Scraped caption text data:
——————————

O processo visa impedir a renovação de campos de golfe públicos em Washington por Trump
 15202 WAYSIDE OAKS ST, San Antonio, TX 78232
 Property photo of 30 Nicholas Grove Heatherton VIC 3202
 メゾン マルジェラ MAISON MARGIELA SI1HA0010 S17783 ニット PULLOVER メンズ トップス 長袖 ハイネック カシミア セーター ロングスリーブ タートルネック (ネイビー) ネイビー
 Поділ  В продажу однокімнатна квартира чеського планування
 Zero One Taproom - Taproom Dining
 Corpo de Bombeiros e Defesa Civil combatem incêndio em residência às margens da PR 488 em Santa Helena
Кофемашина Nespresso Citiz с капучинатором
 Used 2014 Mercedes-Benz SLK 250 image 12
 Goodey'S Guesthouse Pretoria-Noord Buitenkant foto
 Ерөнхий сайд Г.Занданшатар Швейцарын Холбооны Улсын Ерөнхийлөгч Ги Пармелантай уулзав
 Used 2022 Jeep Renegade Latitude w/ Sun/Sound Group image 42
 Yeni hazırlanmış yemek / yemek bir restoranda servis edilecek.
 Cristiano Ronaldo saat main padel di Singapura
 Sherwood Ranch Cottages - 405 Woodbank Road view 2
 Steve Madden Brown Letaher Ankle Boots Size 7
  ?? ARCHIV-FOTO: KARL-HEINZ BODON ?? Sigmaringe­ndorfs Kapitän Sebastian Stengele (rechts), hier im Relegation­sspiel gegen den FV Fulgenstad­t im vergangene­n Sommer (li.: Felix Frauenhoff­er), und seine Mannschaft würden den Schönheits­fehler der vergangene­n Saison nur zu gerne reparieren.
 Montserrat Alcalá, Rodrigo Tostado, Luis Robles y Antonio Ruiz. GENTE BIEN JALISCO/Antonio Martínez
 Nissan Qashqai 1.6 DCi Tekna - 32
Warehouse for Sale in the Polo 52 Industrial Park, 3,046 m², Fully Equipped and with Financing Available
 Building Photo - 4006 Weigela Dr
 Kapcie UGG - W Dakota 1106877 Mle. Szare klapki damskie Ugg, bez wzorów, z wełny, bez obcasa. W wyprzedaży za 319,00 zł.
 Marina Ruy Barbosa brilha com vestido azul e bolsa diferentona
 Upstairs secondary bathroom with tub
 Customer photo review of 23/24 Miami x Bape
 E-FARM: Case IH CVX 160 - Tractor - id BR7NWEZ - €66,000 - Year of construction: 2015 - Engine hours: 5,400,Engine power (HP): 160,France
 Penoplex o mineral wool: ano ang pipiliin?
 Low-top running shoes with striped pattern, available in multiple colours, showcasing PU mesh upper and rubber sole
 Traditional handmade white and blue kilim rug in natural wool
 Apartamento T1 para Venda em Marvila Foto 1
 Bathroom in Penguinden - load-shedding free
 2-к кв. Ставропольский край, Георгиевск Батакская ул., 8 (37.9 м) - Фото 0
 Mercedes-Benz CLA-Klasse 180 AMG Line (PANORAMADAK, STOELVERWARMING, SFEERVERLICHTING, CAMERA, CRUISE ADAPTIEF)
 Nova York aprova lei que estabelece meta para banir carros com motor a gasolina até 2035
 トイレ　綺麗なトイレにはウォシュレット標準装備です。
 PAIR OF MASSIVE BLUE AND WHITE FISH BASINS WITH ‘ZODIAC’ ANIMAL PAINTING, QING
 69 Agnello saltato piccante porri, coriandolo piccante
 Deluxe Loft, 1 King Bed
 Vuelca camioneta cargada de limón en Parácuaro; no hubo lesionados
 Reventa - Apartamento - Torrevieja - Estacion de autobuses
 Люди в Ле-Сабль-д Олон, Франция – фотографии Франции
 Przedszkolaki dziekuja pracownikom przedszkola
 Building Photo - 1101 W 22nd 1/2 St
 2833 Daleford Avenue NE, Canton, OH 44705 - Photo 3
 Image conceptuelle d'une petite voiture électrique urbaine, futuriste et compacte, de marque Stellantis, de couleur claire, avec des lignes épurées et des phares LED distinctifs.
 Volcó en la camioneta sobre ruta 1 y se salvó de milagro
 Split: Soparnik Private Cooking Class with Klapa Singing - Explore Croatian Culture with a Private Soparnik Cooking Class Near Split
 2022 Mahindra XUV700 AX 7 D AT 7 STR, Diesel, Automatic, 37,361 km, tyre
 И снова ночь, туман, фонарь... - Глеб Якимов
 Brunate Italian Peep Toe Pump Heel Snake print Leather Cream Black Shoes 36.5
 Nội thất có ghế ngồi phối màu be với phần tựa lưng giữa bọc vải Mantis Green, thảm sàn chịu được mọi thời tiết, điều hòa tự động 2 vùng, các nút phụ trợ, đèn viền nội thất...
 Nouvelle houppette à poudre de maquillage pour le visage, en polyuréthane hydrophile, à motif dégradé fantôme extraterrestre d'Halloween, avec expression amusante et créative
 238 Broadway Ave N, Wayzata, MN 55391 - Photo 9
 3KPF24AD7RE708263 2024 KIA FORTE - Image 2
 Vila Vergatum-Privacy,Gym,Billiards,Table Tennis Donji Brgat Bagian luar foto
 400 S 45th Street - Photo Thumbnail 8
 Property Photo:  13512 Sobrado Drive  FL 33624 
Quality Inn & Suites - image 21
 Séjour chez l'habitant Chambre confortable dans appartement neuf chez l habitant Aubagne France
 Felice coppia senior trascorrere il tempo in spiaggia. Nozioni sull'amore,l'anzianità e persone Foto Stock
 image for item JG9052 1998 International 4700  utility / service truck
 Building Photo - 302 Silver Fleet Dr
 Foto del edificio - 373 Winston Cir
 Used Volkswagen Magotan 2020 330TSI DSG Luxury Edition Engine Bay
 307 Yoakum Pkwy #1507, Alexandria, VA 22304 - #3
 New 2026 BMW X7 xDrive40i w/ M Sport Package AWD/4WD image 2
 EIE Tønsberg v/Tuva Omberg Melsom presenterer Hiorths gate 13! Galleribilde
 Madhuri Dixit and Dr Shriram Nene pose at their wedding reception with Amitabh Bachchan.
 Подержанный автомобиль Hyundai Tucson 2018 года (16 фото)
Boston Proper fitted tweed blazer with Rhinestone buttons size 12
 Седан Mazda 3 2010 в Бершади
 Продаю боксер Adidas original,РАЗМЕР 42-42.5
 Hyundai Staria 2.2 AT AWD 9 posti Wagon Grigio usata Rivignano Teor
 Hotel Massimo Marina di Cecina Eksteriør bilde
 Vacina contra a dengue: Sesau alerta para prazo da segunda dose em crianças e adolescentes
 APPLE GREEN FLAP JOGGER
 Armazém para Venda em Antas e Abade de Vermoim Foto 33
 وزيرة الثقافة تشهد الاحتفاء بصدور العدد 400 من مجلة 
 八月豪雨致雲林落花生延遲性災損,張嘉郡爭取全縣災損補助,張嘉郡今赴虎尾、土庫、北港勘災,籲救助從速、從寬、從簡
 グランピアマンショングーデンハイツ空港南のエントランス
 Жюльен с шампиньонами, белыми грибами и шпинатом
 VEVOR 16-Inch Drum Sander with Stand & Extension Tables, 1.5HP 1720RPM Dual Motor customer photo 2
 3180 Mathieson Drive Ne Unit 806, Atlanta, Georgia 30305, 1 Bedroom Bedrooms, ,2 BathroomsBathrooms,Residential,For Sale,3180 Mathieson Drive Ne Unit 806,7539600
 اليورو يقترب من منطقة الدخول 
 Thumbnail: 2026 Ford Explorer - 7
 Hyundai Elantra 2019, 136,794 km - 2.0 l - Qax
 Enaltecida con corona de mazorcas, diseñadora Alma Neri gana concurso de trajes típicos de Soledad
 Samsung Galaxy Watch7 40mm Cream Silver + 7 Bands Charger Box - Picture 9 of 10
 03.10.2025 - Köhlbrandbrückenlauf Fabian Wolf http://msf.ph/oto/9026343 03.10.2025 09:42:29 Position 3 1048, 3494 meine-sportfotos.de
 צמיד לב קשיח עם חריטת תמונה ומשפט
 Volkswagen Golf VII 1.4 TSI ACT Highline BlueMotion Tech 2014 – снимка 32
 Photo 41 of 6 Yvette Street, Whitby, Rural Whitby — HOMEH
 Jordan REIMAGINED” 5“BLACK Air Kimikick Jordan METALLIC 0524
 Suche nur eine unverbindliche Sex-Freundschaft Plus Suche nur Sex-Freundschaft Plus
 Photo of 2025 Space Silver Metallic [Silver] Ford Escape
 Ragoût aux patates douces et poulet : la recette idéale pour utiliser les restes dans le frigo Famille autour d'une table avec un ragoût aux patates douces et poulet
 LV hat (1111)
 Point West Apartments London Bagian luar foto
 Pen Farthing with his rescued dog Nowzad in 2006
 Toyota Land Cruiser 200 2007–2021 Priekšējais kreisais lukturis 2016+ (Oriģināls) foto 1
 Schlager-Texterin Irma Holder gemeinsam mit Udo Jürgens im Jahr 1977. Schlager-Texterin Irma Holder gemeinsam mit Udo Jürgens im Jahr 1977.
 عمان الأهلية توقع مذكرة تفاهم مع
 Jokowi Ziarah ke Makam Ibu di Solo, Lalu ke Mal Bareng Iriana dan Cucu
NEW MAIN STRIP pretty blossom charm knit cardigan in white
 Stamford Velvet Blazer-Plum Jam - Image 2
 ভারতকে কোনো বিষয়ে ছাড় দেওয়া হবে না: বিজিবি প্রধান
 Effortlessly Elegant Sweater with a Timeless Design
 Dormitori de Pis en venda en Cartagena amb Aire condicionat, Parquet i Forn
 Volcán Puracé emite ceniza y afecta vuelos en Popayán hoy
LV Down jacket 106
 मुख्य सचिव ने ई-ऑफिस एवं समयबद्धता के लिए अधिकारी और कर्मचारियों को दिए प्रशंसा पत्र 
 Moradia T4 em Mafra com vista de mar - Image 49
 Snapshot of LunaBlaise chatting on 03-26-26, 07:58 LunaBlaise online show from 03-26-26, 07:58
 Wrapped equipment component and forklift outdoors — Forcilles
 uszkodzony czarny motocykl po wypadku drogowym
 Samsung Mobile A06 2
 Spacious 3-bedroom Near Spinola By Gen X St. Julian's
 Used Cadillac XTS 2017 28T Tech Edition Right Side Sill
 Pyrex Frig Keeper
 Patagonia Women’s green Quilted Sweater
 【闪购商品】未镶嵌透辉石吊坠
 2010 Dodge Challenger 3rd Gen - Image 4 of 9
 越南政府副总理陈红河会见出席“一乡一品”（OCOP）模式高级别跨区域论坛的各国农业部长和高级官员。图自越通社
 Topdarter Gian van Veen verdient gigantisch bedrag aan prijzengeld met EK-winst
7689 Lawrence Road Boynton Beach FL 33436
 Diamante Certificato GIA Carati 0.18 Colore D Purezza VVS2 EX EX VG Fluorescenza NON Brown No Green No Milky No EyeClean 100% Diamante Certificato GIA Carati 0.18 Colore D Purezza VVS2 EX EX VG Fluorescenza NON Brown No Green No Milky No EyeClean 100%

——————————

Answer with a single number: how many lines in the data above have the string "Hyundai" in them?

3